Exercise directions: Lines from the one containing "Black casual jacket from The Row" through the final line of the data, restated word for word and free of pictures, make up the whole answer.

BEGIN Supplied data

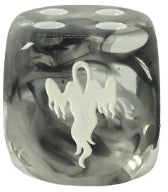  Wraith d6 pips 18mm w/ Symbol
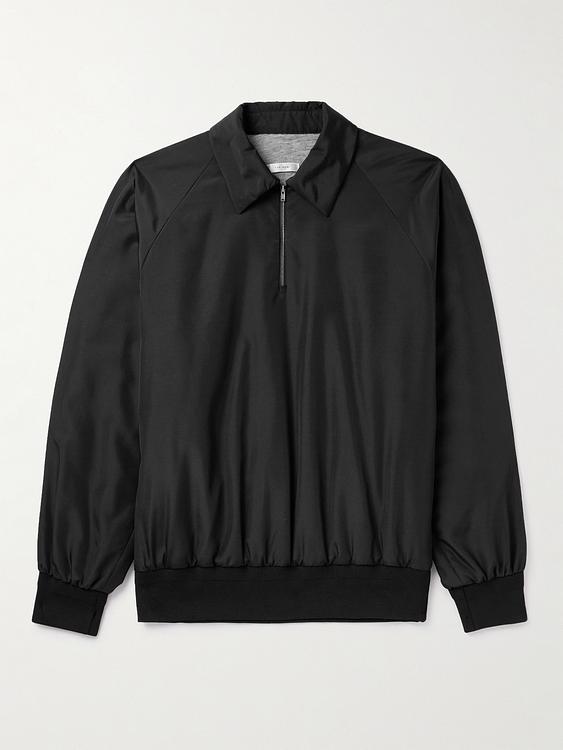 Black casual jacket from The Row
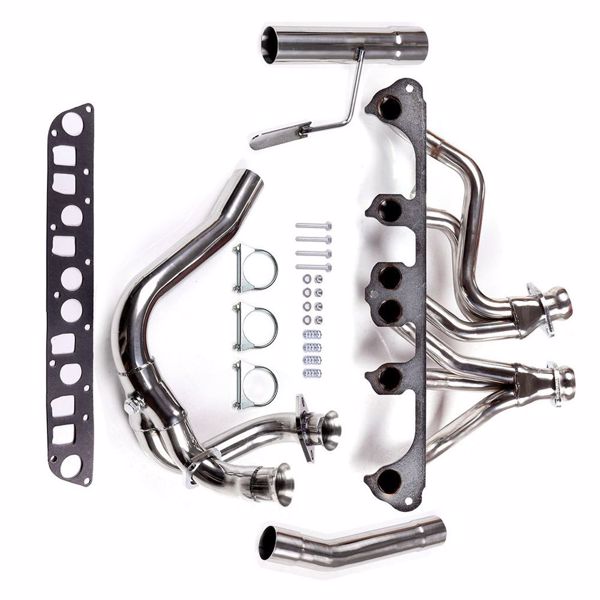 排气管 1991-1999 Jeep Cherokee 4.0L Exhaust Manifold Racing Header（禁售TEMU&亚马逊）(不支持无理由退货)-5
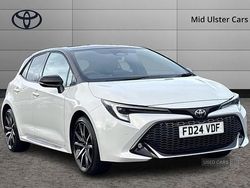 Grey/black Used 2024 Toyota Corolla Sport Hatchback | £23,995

END Supplied data

Task response:
 Black casual jacket from The Row
 排气管 1991-1999 Jeep Cherokee 4.0L Exhaust Manifold Racing Header（禁售TEMU&亚马逊）(不支持无理由退货)-5
 Grey/black Used 2024 Toyota Corolla Sport Hatchback | £23,995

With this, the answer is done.